◆ What the task asks: Make an exact copy of the records that follow, with each picture omitted.

◆ Extracted information:
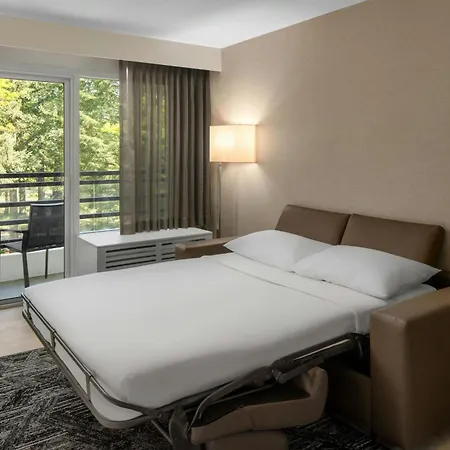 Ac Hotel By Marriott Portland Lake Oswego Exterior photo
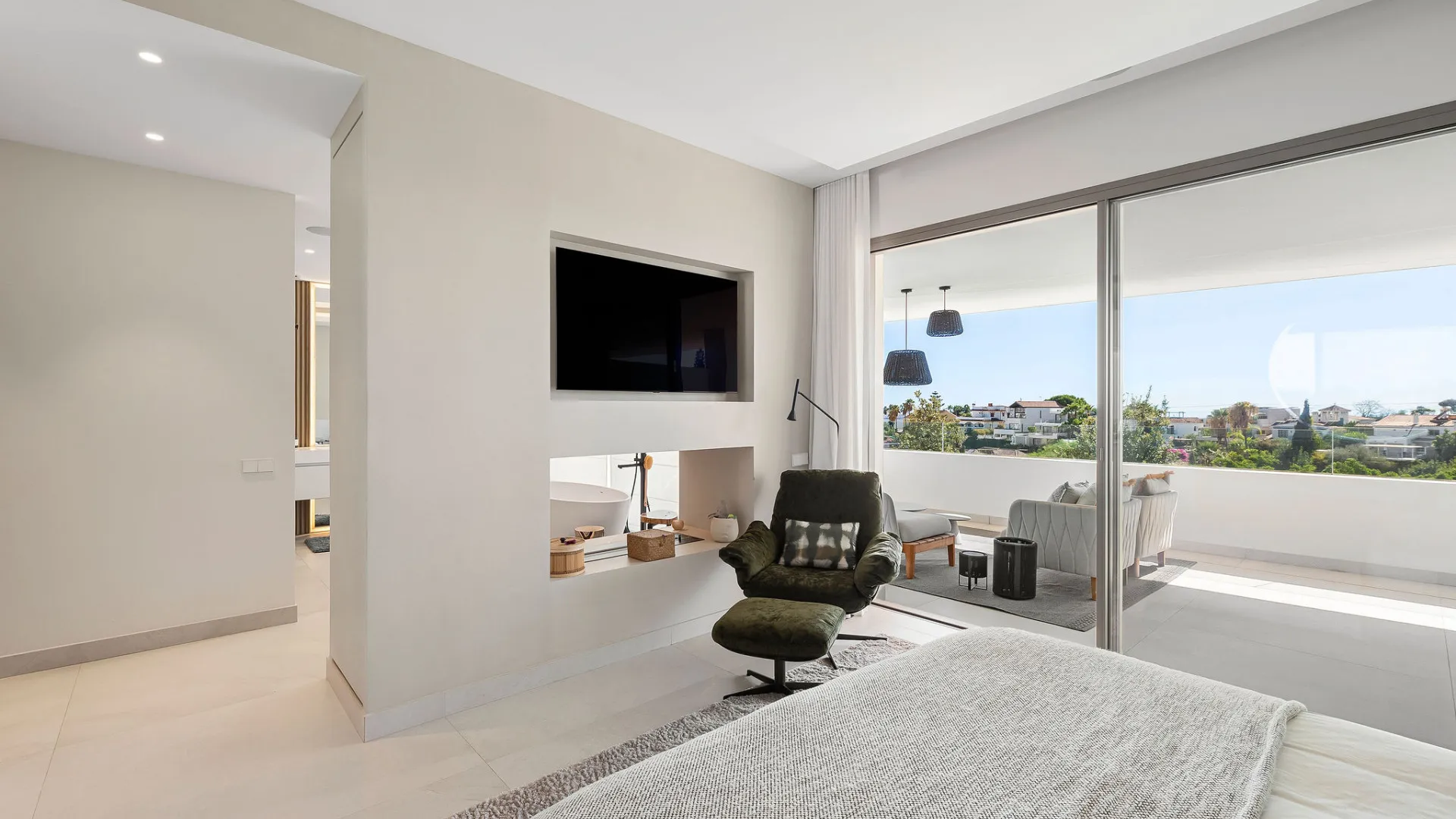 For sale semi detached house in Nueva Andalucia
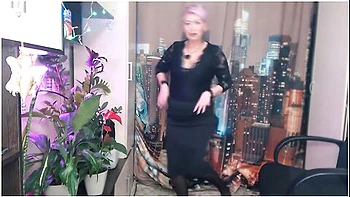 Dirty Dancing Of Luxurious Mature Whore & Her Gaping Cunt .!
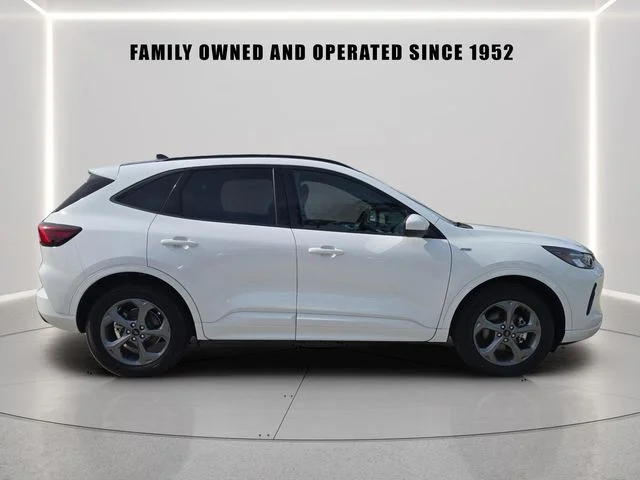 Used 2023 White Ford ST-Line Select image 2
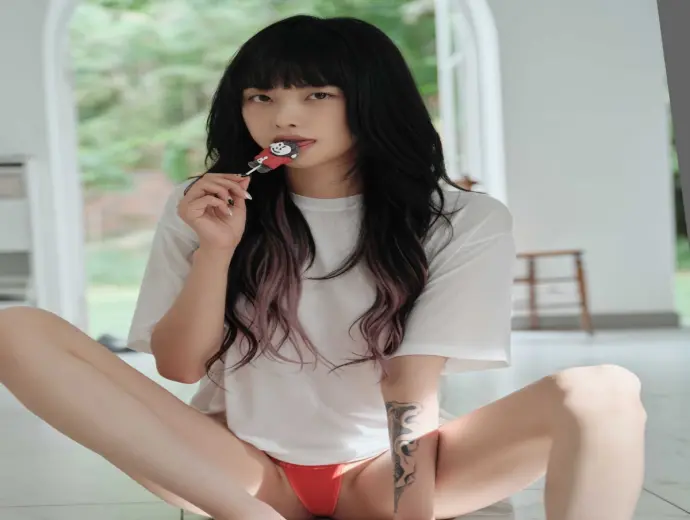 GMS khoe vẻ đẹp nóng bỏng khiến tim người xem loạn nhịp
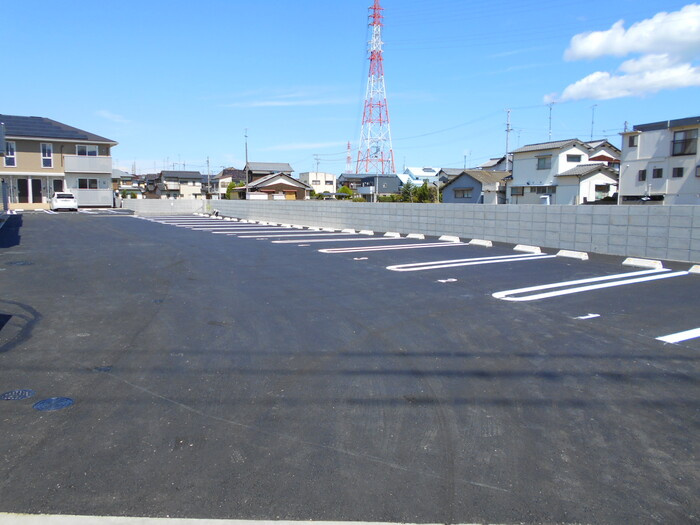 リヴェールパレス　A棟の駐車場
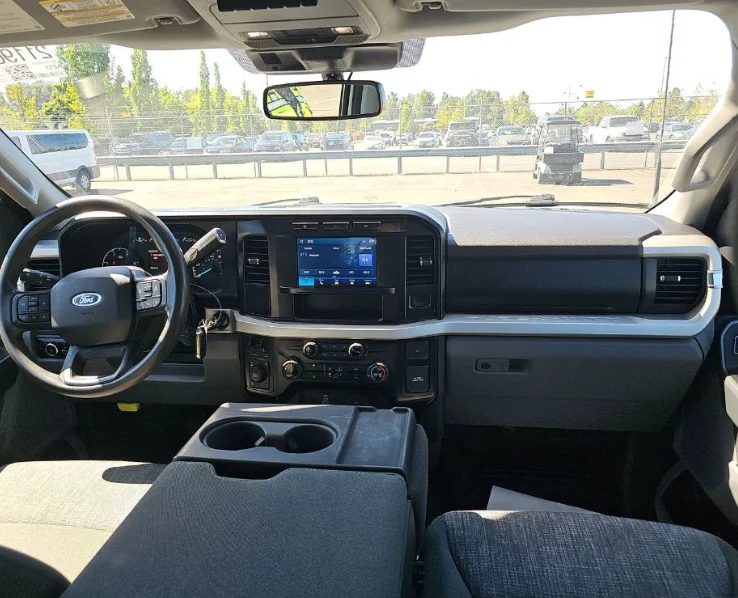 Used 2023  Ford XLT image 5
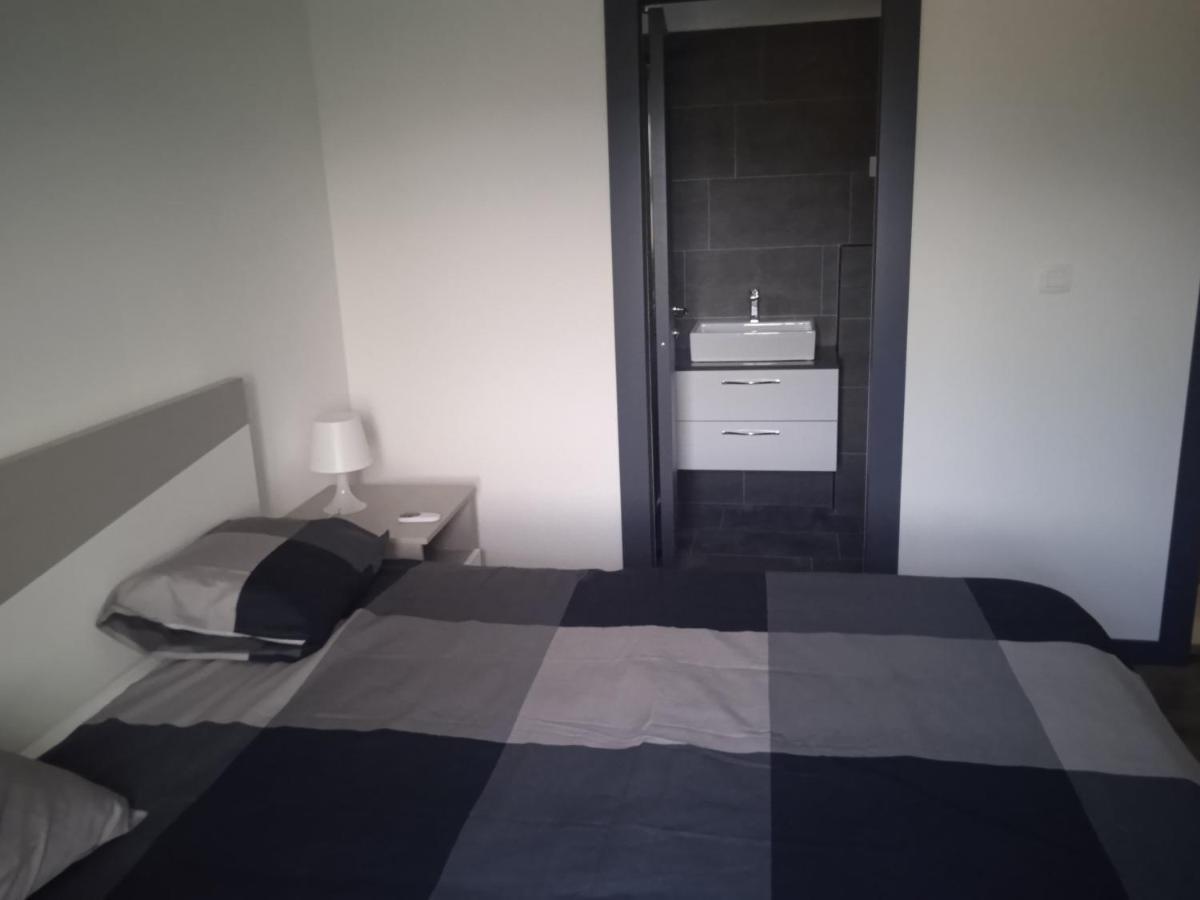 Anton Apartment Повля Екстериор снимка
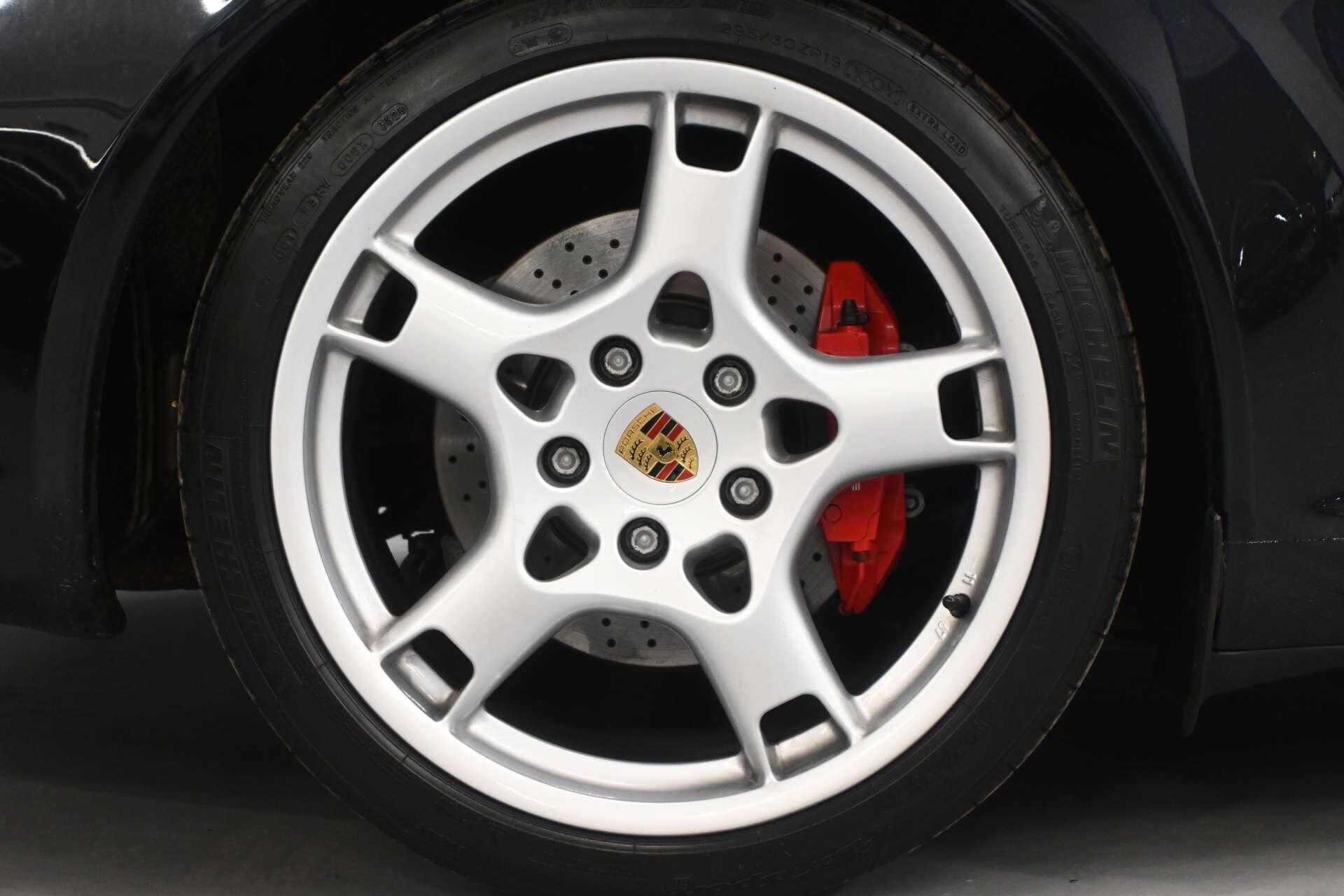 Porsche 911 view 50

◆ Completed task:
 Ac Hotel By Marriott Portland Lake Oswego Exterior photo
 For sale semi detached house in Nueva Andalucia
 Dirty Dancing Of Luxurious Mature Whore & Her Gaping Cunt .!
 Used 2023 White Ford ST-Line Select image 2
 GMS khoe vẻ đẹp nóng bỏng khiến tim người xem loạn nhịp
 リヴェールパレス　A棟の駐車場
 Used 2023  Ford XLT image 5
 Anton Apartment Повля Екстериор снимка
 Porsche 911 view 50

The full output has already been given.